Who knows the inside track on Britain's prime addresses? The long-standing local agents – of course – so each week we pin a different one down for an insider's walk around their manor.
This week: Jeremy Tarn of family firm Tarn & Tarn
Where: Up-and-coming Spitalfields in East London.
Viewing property with Jeremy Tarn is a sociable experience. My tour of Spitalfields is punctuated by waves and greetings from residents of this small district, just two minutes from Liverpool Street station.
But it's not too surprising that he is well known as Jeremy been selling property in Spitalfields for more than 20 years and almost everyone who lives locally bought their home from him.
We stroll down Brushfield Street past Verde, the organic deli owned by author Jeanette Winterson, and through the former fruit and veg market.

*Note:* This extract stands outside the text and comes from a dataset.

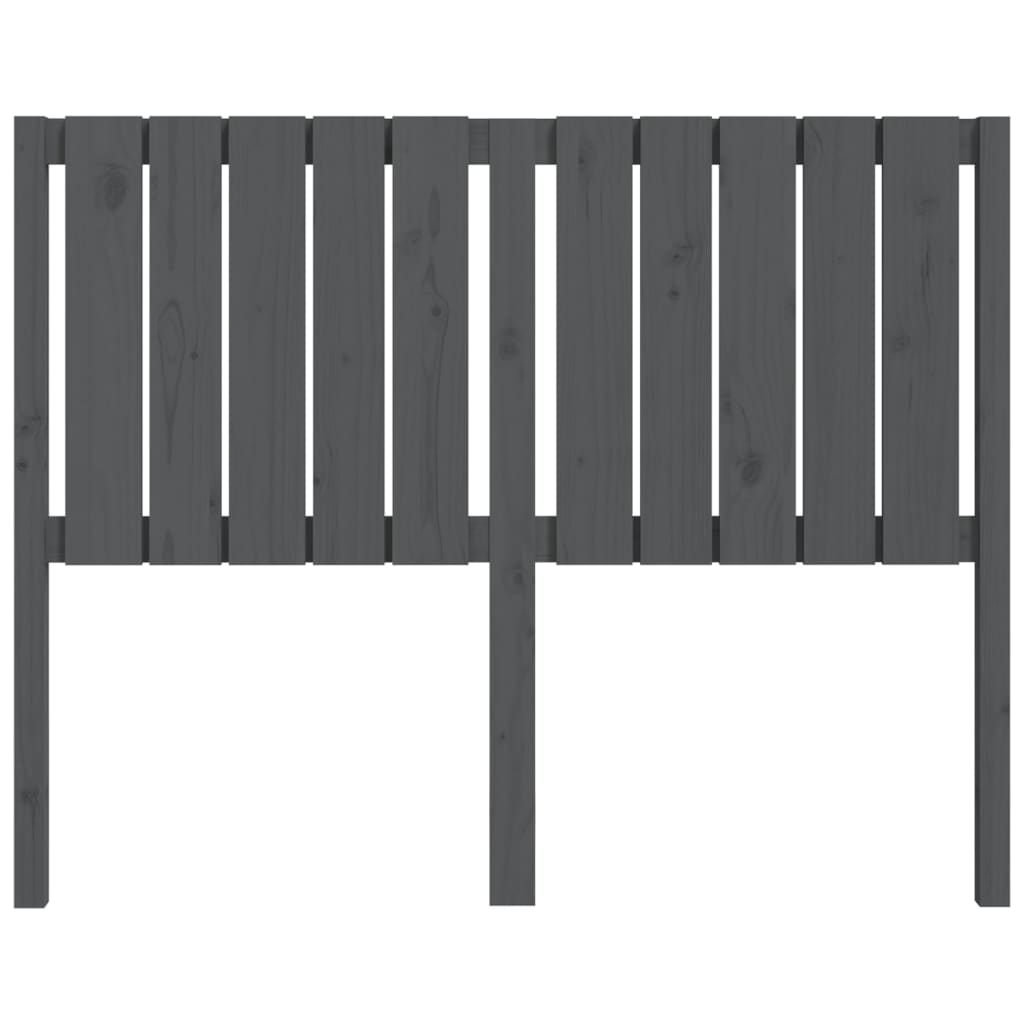 Testiera per Letto Grigia 125,5x4x100 cm Legno Massello di Pino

Until five years ago it was the haunt of fashion students and artisan stallholders but glossy redevelopment has stolen its character. Despite this, behind the designer boutiques and chain restaurants, the spirit of 18th-century London lives on.
Most enquiries Jeremy gets are for Spitalfields' historic quarter, a small grid of prime roads sandwiched between the market and Brick Lane. It's an enclave of such perfectly preserved Georgian houses that it feels as though you've stepped back 300 years. Unfortunately, the prices, which start at £2m, are very 21st-century.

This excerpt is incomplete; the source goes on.